En brasage sélectif, une grande attention est accordée aux paramètres machine tels que le choix de la buse, la vitesse de brasage et le préchauffage. Mais le flux et l’alliage de brasure jouent également un rôle déterminant dans la fenêtre de processus.

Le flux doit éliminer les oxydes et favoriser le mouillage, tout en étant appliqué de manière très localisée. L’alliage de brasure doit permettre un transfert thermique suffisant pour obtenir un bon remplissage des trous, tout en limitant la charge thermique imposée au PCB et aux composants.

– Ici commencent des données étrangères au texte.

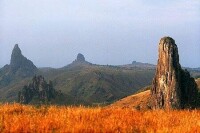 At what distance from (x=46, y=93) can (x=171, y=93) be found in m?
106

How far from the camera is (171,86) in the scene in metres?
26.4

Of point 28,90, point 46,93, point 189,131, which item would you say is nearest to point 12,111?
point 189,131

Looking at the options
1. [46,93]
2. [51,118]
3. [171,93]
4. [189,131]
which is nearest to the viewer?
[189,131]

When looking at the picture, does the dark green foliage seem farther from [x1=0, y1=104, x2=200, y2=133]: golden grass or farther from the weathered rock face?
[x1=0, y1=104, x2=200, y2=133]: golden grass

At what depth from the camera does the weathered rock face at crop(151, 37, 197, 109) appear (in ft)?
86.2

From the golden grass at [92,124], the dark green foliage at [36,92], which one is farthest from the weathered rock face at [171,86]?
the dark green foliage at [36,92]

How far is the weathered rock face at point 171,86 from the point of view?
26.3m

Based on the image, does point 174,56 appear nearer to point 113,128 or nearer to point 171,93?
point 171,93

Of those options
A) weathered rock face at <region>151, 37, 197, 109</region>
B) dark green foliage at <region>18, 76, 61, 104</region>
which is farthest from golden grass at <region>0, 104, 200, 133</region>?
dark green foliage at <region>18, 76, 61, 104</region>

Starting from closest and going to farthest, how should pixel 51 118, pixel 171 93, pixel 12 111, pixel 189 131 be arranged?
pixel 189 131, pixel 51 118, pixel 12 111, pixel 171 93

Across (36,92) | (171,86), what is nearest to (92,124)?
(171,86)

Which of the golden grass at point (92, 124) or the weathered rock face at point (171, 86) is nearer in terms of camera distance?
the golden grass at point (92, 124)

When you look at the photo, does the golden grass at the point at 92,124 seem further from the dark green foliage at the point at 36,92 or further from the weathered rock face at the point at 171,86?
the dark green foliage at the point at 36,92

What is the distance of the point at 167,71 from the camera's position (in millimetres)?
27172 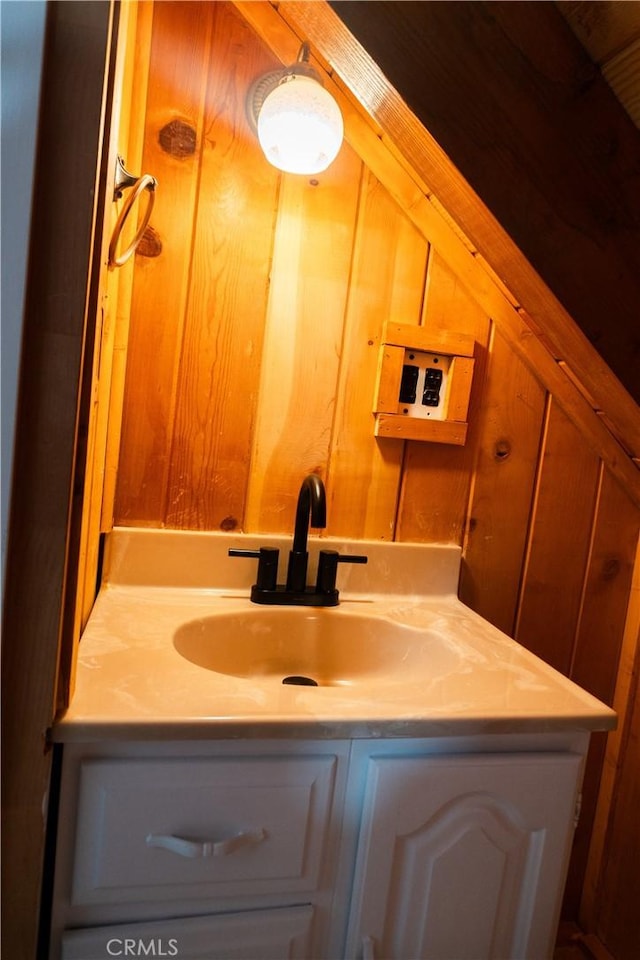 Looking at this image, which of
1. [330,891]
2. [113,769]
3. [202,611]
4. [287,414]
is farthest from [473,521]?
[113,769]

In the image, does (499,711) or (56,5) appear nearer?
(56,5)

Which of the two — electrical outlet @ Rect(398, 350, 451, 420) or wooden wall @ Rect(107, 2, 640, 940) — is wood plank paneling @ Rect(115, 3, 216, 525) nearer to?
wooden wall @ Rect(107, 2, 640, 940)

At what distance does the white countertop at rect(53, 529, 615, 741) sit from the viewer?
642mm

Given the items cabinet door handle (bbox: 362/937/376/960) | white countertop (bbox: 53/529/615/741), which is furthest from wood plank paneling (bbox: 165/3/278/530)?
cabinet door handle (bbox: 362/937/376/960)

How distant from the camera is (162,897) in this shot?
25.7 inches

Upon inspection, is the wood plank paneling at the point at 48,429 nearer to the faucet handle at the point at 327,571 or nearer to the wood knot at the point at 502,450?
the faucet handle at the point at 327,571

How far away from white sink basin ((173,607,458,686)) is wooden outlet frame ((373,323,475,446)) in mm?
393

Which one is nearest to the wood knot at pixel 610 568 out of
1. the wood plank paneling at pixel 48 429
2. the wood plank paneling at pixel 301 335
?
the wood plank paneling at pixel 301 335

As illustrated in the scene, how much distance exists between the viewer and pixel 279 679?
103cm

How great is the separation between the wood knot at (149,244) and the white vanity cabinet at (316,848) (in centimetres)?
82

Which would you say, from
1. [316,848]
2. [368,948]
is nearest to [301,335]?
[316,848]

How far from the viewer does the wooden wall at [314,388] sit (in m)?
1.02

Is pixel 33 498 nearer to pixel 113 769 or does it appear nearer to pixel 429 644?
pixel 113 769

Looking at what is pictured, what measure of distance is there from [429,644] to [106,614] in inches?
22.2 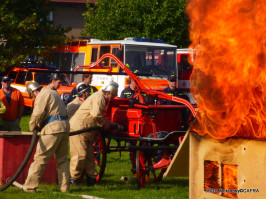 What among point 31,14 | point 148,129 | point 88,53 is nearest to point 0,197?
point 148,129

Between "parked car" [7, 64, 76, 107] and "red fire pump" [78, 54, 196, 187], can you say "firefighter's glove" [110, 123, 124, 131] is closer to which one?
"red fire pump" [78, 54, 196, 187]

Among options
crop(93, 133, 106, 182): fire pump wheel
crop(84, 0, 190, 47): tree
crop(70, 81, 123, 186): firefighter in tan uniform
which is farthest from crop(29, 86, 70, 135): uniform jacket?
crop(84, 0, 190, 47): tree

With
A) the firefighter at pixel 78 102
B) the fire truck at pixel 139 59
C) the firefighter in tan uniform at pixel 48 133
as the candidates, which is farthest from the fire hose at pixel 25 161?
the fire truck at pixel 139 59

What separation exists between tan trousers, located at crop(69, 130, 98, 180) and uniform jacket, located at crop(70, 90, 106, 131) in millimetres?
191

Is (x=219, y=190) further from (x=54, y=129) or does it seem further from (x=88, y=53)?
(x=88, y=53)

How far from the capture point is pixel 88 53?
83.1 feet

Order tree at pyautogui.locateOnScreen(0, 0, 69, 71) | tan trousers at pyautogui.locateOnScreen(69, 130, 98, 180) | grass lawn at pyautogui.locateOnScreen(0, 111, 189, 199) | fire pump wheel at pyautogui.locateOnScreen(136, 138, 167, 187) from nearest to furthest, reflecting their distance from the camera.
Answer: grass lawn at pyautogui.locateOnScreen(0, 111, 189, 199) → fire pump wheel at pyautogui.locateOnScreen(136, 138, 167, 187) → tan trousers at pyautogui.locateOnScreen(69, 130, 98, 180) → tree at pyautogui.locateOnScreen(0, 0, 69, 71)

Le choix de la chimie ne peut donc pas être dissocié du processus. Le PCB, le composant, la masse thermique, l’application du flux, la température de brasage et le temps de cycle souhaité doivent être considérés ensemble.

Quel est le rôle du flux en brasage sélectif ?

Le flux prépare les surfaces à braser avant leur contact avec la brasure liquide. Ses composants actifs aident à éliminer les oxydes afin de permettre à la brasure de mouiller correctement les surfaces métalliques.

Pour les connexions traversantes, cette action ne doit pas se limiter à la face inférieure du PCB. Une quantité suffisante de flux doit également pénétrer dans l’espace entre la broche du composant et le trou métallisé.

La manière dont le flux se répartit est donc importante.

En brasage sélectif, le flux est généralement appliqué localement, par exemple à l’aide d’un microjet. Il est ainsi possible de cibler précisément la zone souhaitée sans appliquer du flux sur toute la face inférieure du PCB.

Cette application locale impose toutefois des exigences spécifiques au flux.

Peut-on utiliser le même flux pour le brasage à la vague et le brasage sélectif ?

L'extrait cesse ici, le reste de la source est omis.